__How to complete this task__.
Could you reproduce the lines below from the one with "Vegas, NV 89115" through the one with "Seal Half Door Window Channel - Mk1 - Lower"? Keep both ends and add nothing.
Data listing below:
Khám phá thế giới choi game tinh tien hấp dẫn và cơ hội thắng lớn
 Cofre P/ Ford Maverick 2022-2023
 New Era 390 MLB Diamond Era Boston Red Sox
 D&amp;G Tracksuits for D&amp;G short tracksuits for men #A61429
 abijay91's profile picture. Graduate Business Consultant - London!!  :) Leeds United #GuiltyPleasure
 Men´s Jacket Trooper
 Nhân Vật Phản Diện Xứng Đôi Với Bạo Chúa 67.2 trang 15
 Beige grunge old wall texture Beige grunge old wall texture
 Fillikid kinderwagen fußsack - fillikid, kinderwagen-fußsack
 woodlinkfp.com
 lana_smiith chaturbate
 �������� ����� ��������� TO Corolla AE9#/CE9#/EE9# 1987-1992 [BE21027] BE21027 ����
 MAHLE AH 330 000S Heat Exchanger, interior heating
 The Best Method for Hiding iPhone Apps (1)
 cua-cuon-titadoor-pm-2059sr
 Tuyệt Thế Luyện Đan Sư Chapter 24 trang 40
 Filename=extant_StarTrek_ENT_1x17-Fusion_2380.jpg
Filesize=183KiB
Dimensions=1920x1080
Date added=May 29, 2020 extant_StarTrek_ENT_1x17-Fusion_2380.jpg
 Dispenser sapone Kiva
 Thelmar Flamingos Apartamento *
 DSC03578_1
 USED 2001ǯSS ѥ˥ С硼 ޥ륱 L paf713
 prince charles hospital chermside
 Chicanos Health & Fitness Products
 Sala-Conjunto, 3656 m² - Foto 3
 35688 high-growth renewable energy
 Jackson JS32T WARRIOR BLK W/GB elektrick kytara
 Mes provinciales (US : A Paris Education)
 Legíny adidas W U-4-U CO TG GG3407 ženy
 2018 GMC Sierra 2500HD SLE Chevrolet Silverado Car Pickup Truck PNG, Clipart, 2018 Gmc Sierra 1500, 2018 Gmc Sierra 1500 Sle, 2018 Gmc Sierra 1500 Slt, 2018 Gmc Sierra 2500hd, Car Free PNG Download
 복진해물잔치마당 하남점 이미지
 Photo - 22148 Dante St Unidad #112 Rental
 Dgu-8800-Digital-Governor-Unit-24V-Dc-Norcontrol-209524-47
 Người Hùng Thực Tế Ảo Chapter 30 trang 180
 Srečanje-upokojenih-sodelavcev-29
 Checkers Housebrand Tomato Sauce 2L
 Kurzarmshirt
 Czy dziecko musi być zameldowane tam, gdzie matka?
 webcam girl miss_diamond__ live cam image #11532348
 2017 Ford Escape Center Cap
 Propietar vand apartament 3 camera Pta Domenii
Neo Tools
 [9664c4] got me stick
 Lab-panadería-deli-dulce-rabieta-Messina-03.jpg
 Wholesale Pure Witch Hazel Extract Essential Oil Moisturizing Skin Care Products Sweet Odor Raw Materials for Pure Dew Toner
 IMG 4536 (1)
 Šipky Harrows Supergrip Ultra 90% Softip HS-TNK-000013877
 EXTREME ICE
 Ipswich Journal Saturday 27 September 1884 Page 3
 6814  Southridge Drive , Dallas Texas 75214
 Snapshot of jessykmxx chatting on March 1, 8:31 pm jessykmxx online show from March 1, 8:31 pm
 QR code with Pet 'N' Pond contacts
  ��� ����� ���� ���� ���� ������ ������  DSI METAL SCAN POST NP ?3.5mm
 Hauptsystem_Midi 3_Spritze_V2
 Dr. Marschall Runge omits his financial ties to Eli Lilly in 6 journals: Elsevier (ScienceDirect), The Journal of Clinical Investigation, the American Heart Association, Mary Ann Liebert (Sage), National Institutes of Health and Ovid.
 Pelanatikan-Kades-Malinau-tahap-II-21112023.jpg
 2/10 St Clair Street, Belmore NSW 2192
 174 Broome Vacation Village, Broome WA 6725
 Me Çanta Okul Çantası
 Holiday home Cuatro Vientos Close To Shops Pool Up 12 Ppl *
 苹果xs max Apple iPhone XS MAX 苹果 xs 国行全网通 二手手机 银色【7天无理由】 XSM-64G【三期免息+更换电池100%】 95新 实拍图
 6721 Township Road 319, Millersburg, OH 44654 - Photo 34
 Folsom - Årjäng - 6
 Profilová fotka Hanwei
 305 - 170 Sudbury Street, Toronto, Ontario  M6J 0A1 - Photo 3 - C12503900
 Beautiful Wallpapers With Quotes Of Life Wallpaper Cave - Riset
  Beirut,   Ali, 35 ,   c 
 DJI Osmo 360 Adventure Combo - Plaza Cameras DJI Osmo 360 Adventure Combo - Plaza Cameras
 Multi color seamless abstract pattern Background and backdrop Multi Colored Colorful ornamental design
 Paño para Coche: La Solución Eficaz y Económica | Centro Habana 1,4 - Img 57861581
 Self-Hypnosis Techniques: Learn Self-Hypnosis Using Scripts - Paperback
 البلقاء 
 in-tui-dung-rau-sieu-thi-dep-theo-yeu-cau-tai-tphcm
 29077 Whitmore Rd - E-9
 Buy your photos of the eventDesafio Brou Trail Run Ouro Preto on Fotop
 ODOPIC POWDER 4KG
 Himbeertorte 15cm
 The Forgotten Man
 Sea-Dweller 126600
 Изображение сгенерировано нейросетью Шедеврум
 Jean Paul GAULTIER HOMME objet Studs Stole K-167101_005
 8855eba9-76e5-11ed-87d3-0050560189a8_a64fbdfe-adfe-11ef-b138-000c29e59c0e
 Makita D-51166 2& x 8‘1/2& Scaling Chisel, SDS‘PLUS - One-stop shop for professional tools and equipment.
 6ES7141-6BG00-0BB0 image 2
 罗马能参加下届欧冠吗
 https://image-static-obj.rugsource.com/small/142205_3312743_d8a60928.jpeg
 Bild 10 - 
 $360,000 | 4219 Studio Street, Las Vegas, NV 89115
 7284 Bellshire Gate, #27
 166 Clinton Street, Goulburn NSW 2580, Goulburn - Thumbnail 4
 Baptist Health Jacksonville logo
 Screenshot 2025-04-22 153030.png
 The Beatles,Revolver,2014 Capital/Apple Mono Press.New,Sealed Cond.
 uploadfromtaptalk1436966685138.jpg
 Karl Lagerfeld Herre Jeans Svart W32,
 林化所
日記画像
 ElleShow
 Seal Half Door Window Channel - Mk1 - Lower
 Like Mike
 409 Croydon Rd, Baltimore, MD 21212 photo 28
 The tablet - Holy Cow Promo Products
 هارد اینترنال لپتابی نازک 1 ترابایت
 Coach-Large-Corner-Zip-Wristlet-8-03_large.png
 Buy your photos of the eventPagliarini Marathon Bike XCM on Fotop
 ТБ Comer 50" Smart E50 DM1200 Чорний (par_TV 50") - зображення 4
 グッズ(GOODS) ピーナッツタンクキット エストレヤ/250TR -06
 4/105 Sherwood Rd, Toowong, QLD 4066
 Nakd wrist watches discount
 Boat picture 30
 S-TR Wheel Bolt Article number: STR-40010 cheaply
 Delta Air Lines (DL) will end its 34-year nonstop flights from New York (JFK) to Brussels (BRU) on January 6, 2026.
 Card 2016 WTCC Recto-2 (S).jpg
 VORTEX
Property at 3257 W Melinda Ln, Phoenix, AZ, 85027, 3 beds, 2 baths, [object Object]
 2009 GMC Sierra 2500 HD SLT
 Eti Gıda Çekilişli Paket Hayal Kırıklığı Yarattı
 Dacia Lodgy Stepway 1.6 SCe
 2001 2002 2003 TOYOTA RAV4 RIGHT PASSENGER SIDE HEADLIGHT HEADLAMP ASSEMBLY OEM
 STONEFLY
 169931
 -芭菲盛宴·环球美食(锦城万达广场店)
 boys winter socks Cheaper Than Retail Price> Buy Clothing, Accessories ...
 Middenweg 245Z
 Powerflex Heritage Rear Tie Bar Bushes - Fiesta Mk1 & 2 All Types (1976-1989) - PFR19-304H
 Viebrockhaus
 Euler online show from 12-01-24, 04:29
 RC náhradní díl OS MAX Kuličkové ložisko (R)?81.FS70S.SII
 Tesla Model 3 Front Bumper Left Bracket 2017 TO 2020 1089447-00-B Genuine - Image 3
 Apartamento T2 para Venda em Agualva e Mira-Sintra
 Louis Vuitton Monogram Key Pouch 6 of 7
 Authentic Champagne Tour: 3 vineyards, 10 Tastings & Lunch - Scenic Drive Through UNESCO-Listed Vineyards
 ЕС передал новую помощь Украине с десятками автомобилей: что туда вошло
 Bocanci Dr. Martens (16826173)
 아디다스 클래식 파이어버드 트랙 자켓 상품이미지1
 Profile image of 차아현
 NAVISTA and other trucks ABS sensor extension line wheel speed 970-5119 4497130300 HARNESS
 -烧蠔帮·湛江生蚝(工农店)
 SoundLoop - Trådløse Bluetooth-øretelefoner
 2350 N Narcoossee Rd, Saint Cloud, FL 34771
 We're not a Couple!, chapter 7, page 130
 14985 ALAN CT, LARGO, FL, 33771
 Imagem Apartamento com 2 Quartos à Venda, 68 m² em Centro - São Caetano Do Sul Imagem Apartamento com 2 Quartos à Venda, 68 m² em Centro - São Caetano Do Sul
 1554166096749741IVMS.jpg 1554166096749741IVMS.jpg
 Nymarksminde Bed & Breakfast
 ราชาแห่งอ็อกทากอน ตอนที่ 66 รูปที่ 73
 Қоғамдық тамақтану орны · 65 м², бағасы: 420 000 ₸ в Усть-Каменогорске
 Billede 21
End of Data listing.
__Answer area__.
 $360,000 | 4219 Studio Street, Las Vegas, NV 89115
 7284 Bellshire Gate, #27
 166 Clinton Street, Goulburn NSW 2580, Goulburn - Thumbnail 4
 Baptist Health Jacksonville logo
 Screenshot 2025-04-22 153030.png
 The Beatles,Revolver,2014 Capital/Apple Mono Press.New,Sealed Cond.
 uploadfromtaptalk1436966685138.jpg
 Karl Lagerfeld Herre Jeans Svart W32,
 林化所
日記画像
 ElleShow
 Seal Half Door Window Channel - Mk1 - Lower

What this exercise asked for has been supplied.